The compute layer consists of multiple compute clusters, each containing several stateless BE nodes. Compute clusters share the same data but have independent compute resources.

FeatureDescription
Independent resourcesEach compute cluster serves a different business workload independently
Stateless BEDoes not store data persistently; only caches hot data
Elastic scalingAdding or removing nodes does not affect other compute clusters
Local cacheHot data is cached using an LRU policy to reduce access latency

Shared Storage Layer

The storage layer persists all data files, including segment files and inverted index files.

Supported typeExamples
Object storageS3, OSS, COS, OBS, MinIO
Distributed file systemHDFS
CephRGW, CephFS

Architectural Characteristics

  • Elastic compute: Resources scale on demand, suitable for workloads with peaks and troughs.
  • Workload isolation: Different business teams share data while keeping compute resources independent.
  • Low storage cost: Low-cost options such as object storage are available.
  • Minute-level scaling: Compute resources can be adjusted quickly.

Comparison and Selection

Component Function Comparison

The two architectures differ in component responsibilities as follows:

Comparison itemIntegrated storage-computeDecoupled storage-compute
FE nodeRetained, stores all metadataRetained, stores only SQL-layer metadata
BE nodeStateful (stores data)Stateless (only caches hot data)
Data storage locationBE local diskShared storage layer, with BE local disk used as cache
Scaling focusStorage and compute scale togetherCompute and storage can scale independently
Storage costHigher (SSD)Lower (object storage)
Operational complexityLowerHigher (depends on external storage)
Query latencyLower (local I/O)Slightly higher (on cache miss). On cache hit, latency is the same as the integrated storage-compute architecture.

Selection Guidance

Choose the appropriate architecture based on your scenario:

ScenarioIntegrated storage-computeDecoupled storage-compute
Development and test environments, quick experimentation
No shared storage available (HDFS / Ceph / object storage)
No dedicated DBA, with multiple teams maintaining independently
No need for elastic scaling or Kubernetes containerization
Already deployed on a public cloud
Reliable shared storage system available
Kubernetes containerization or private cloud elasticity required
Multi-compute-cluster shared data scenarios
Dedicated platform team for maintenance

Core Technical Modules

Storage Engine

Columnar storage and compression

Data is organized by column, so only the columns involved in a query are read, reducing I/O. Combined with algorithms such as dictionary encoding, bitmap compression, and RLE, this achieves a high compression ratio.

Index structures

Index typeUse case
Sorted composite key (up to 3 columns)Pruning for high-concurrency reports
Min/MaxEquality and range filtering on numeric types
BloomFilterEquality filtering on high-cardinality columns
Inverted indexFast search and full-text search on arbitrary fields

Data models

ModelCharacteristicsUse case
Duplicate modelRetains detailed dataDetail storage for fact tables
Primary Key modelUnique primary key; rows with the same primary key are overwrittenRow-level updates
Aggregate modelRows with the same primary key are aggregated automaticallyPre-aggregation acceleration

Query Engine

MPP distributed queries

Complex queries are decomposed into multiple stages and processed in parallel across multiple BE nodes. Distributed shuffle joins are supported to handle joins on large tables efficiently.

Vectorized execution

A columnar memory layout combined with SIMD instructions delivers 5 to 10x performance on wide-table aggregations.

Pipeline execution engine

Multi-core parallelism with thread count limits prevents thread explosion. Data copies and memory allocation overhead between operators are reduced.

Query optimizer

OptimizerStrategy
RBOConstant folding, subquery rewriting, and predicate pushdown
CBOCost estimation and join reordering
HBOUses historical queries to accelerate repeated queries

Runtime Filter

Filters are generated dynamically at runtime and pushed down to scan nodes to reduce the amount of data processed. Supported types include In, Min/Max, and BloomFilter.
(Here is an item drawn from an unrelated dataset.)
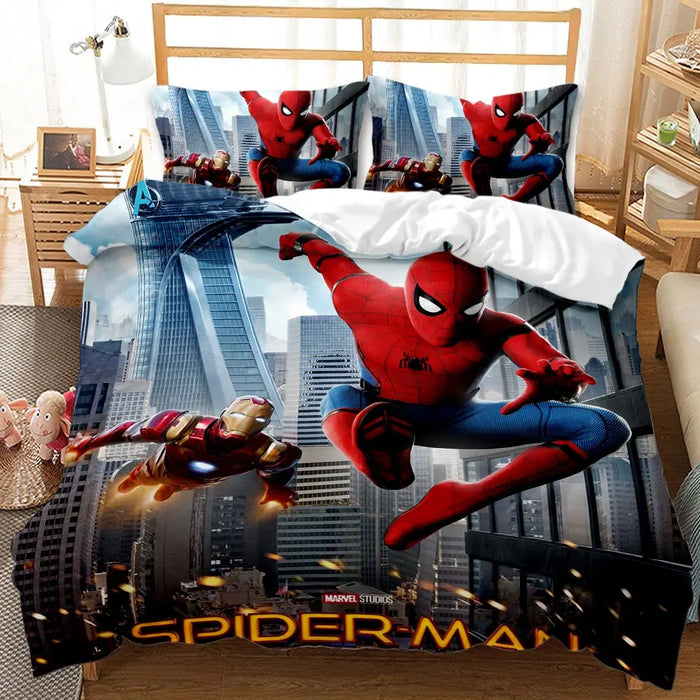 Spiderman-Bettwäsche-Set mit Bettdecke – universelles Design für Kinder und Erwachsene, modernes bedrucktes Doppelbett, einschließlich King-Size-Bett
High Availability Mechanism

Multiple replicas and the quorum protocol

  • 3 replicas are stored by default.
  • A write must be confirmed by a majority (such as 2 replicas) to succeed.
  • Partial node failures do not lead to data loss, and the cluster remains available.

Automatic fault isolation

  1. Detect node heartbeat timeouts or replica corruption.
  2. Mark the node as unavailable and stop dispatching tasks to it.
  3. Automatically rebuild missing replicas from healthy replicas.
  4. After recovery, automatically synchronize incremental data.

FE high availability

A Paxos-like consensus protocol ensures metadata consistency. When the Master fails, Followers automatically elect a new Master, transparent to the user.


FAQ

Q: What is the core difference between the integrated and decoupled storage-compute architectures?

In the integrated storage-compute architecture, BE nodes handle both data storage and computation, and data is stored on local disks. In the decoupled storage-compute architecture, data is stored in a shared storage layer (such as S3 or HDFS), and BE nodes act as stateless compute nodes that accelerate queries through a local cache. The decoupled architecture supports independent elastic scaling of compute and storage resources.
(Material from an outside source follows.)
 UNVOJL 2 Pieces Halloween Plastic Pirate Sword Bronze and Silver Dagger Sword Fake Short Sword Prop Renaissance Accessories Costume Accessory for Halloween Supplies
Q: When should you choose the decoupled storage-compute architecture?

The decoupled storage-compute architecture is suitable for the following scenarios: existing public cloud deployments, Kubernetes containerization requirements, the availability of a reliable shared storage system (HDFS, Ceph, or object storage), the need for multiple compute clusters to share data, and a dedicated platform team for maintenance. For simple use cases or development and test environments, the integrated storage-compute architecture is more suitable.
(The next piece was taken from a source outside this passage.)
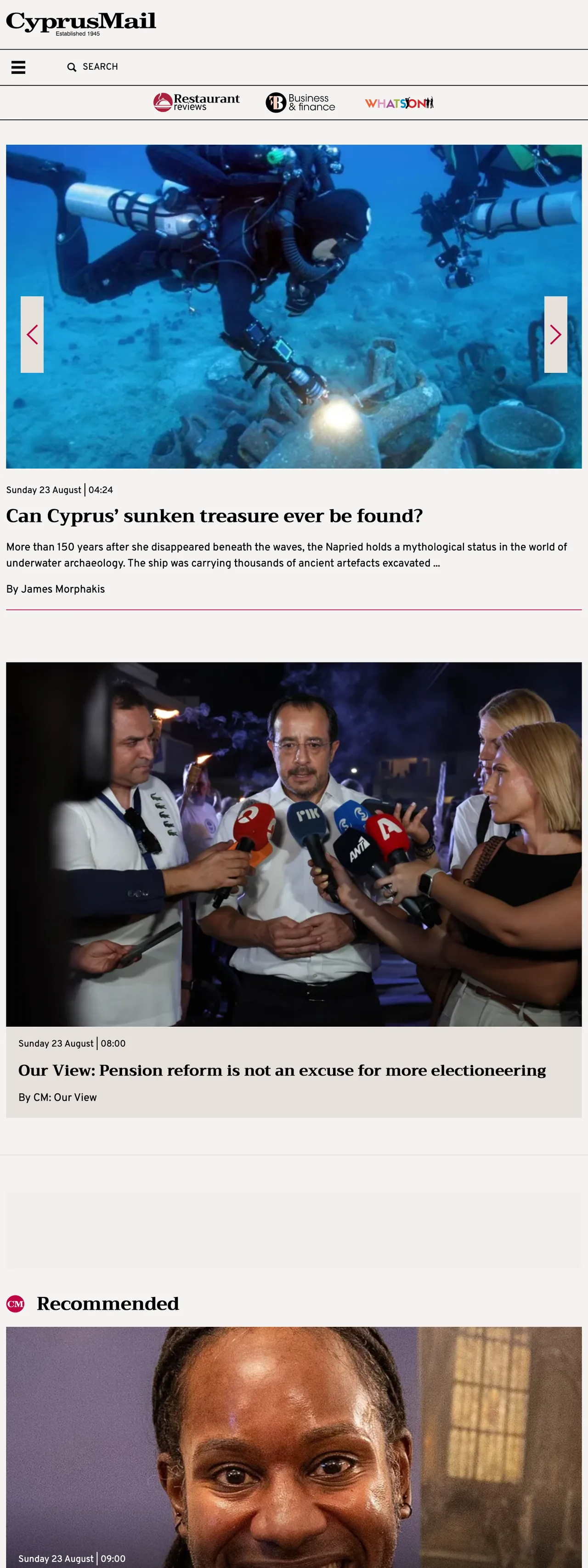 Screenshot of the Cyprus Mail front page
Q: Do BE nodes store data in the decoupled storage-compute architecture?

In the decoupled storage-compute architecture, BE nodes are stateless and do not persist data themselves. However, BE nodes use a local SSD to cache hot data (with an LRU eviction policy) to overcome the latency caused by the relatively poor random read performance of object storage and the network transfer overhead.

Q: What is the role of the FE in the decoupled storage-compute architecture?

The FE is retained in the decoupled storage-compute architecture and is mainly responsible for user request entry, SQL parsing and planning, and SQL-layer metadata management (database and table schemas, user privileges, and cluster topology). Metadata management at the data layer (such as tablet metadata and rowset metadata) is handled by the newly added Meta Service.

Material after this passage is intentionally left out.